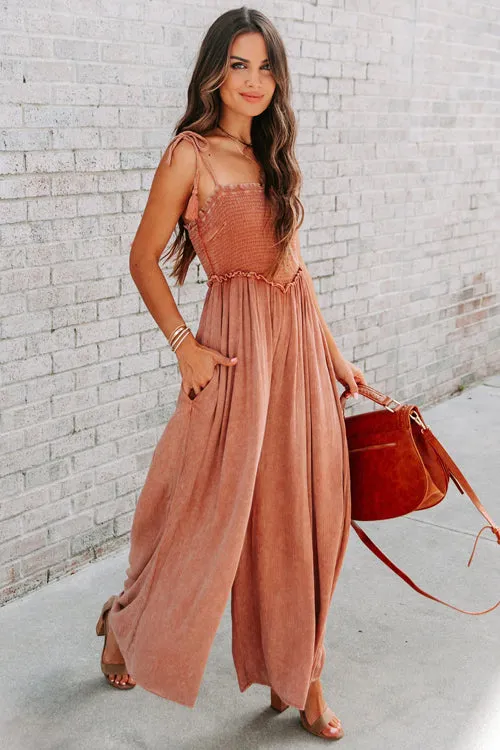 Lost To Love Smocked Wide Leg Sleeveless Jumpsuit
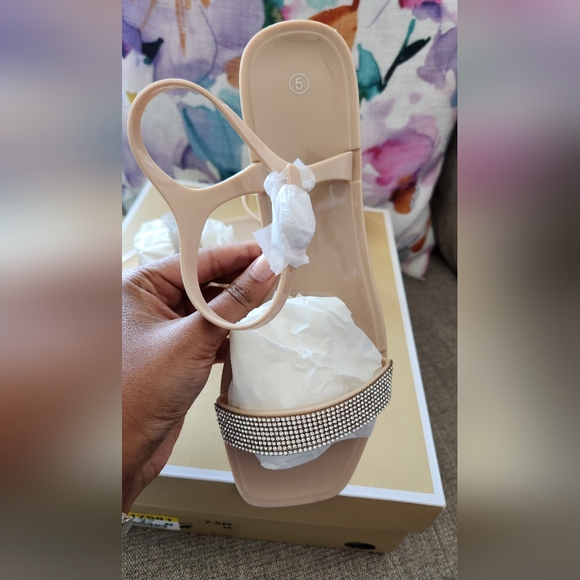 Nude Flat Summer Bling Sandals - Picture 4 of 4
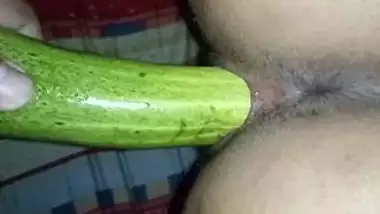 Fun with XXX cucumber is how guy prepares obedient Desi GF for sex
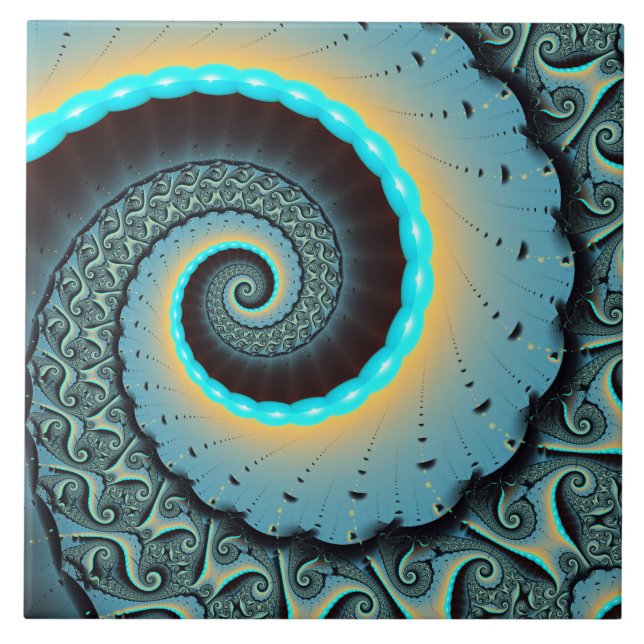 Espiral de Arte Fractal Laranja abstrato azul Turq (Frente)
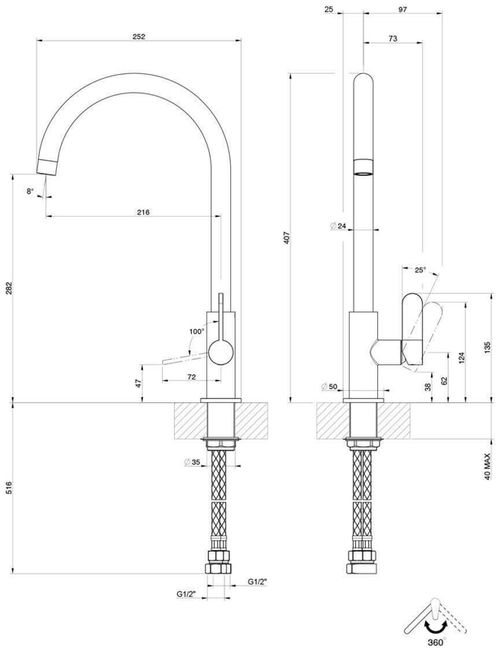cumpără Bateria bucătărie Gessi 60075-031 Helium Chrome în Chișinău 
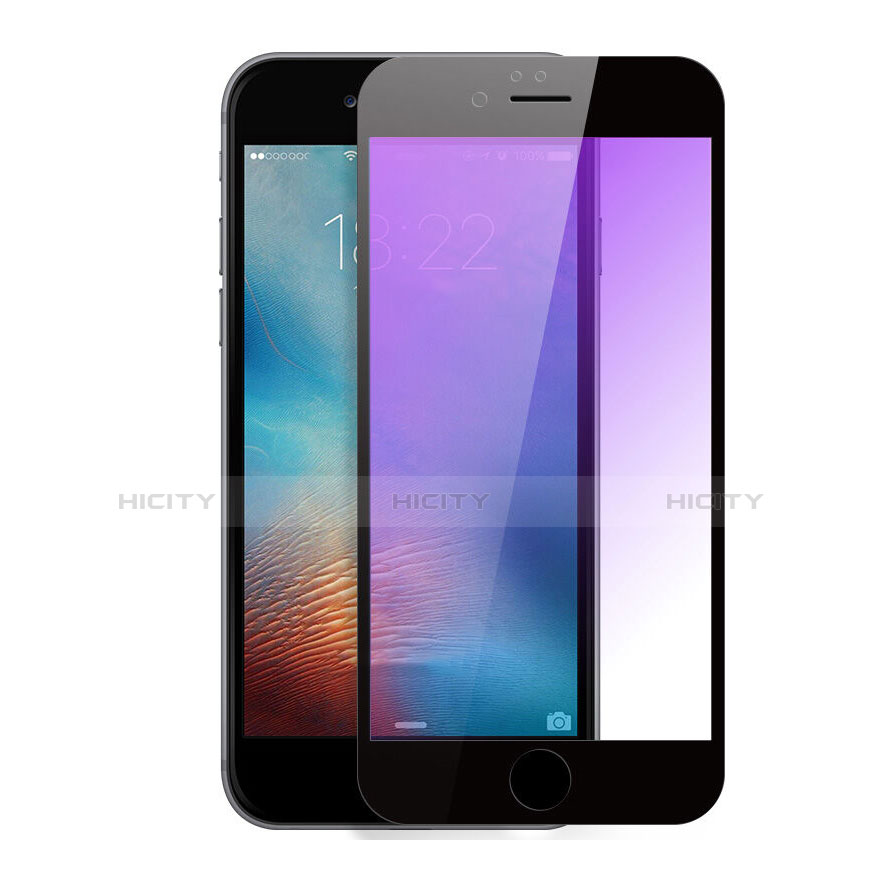 Schutzfolie Displayschutzfolie Panzerfolie Skins zum Aufkleben Gehärtetes Glas Glasfolie Anti Blue Ray für Apple iPhone 6 Plus Schwarz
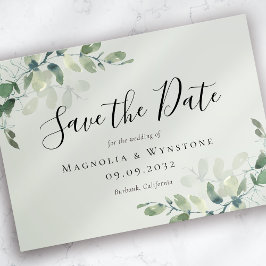 Reserva La Fecha Eucalyptus Sage Green Boda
◇ ◇ ◇ ◇ ◇
ABOUT THIS TASK: Begin the copy at the line containing "Schutzfolie Displayschutzfolie Panzerfolie" and end it at the last line of the records; transcribe exactly and exclude pictures.

ANSWER BOX:
 Schutzfolie Displayschutzfolie Panzerfolie Skins zum Aufkleben Gehärtetes Glas Glasfolie Anti Blue Ray für Apple iPhone 6 Plus Schwarz
 Reserva La Fecha Eucalyptus Sage Green Boda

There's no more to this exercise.